» TASK DETAILS
The data below should be printed in full, exactly, and without any of its images.

» EXERCISE DATA
=-=-=
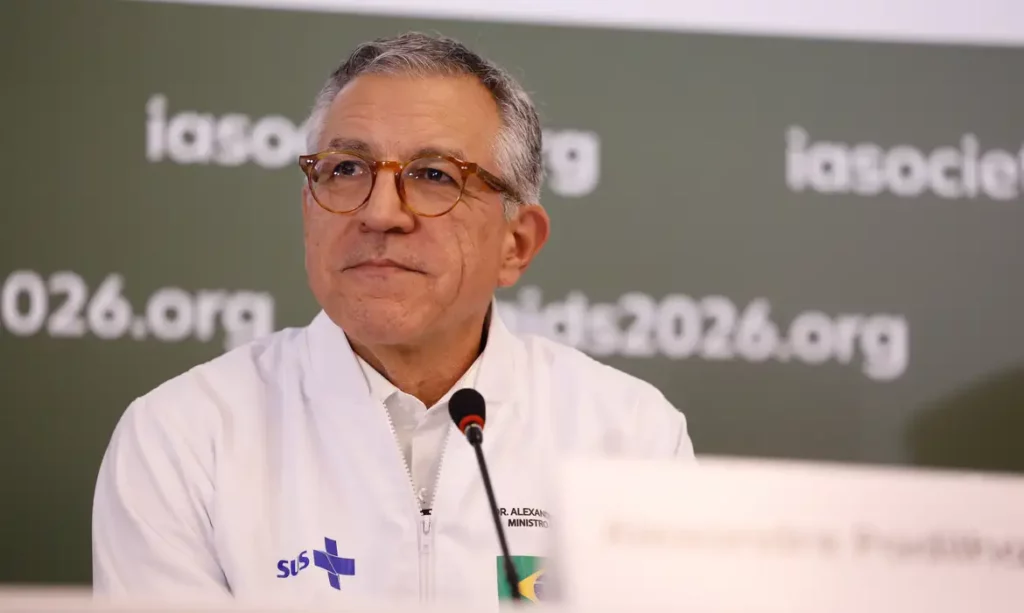 Ministro Padilha toma ações legais contra fake news da Veja sobre Lula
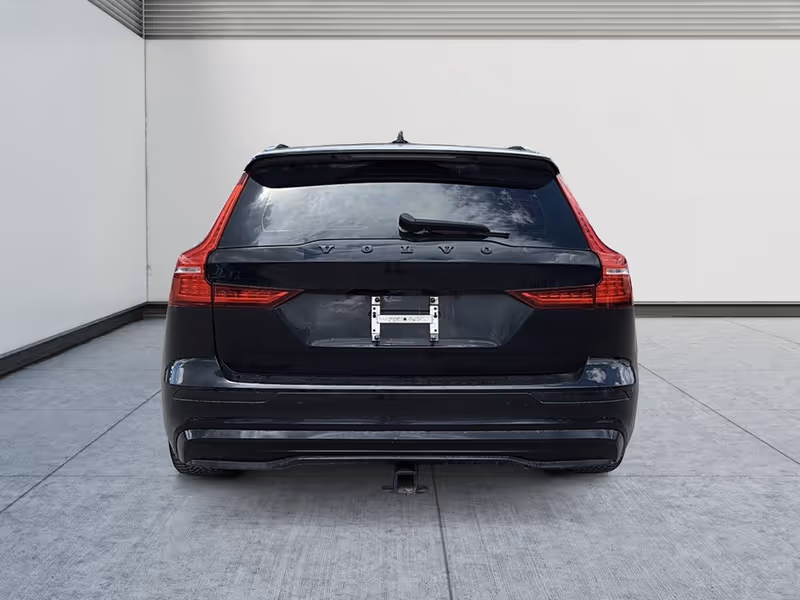 2023 Volvo V60 Ultimate Dark Theme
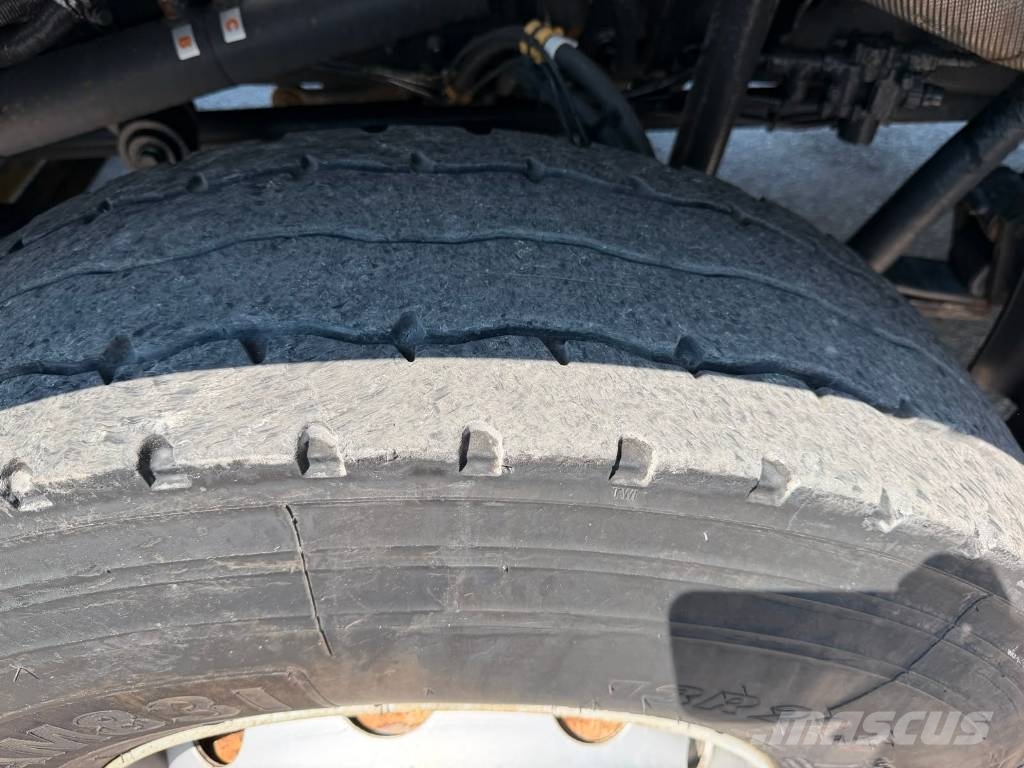 Mercedes-Benz Actros 4144 B 콘크리트 분배 붐
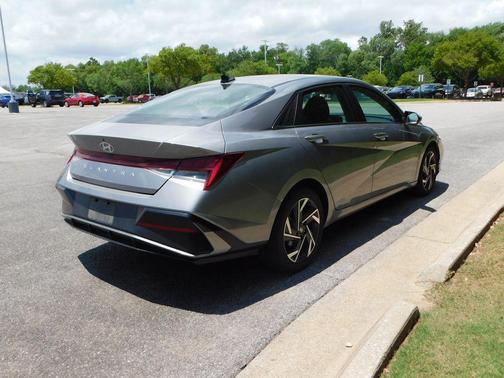 Fluid Metal 2025 Hyundai ELANTRA SEL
=-=-=
» ANSWER BELOW
 Ministro Padilha toma ações legais contra fake news da Veja sobre Lula
 2023 Volvo V60 Ultimate Dark Theme
 Mercedes-Benz Actros 4144 B 콘크리트 분배 붐
 Fluid Metal 2025 Hyundai ELANTRA SEL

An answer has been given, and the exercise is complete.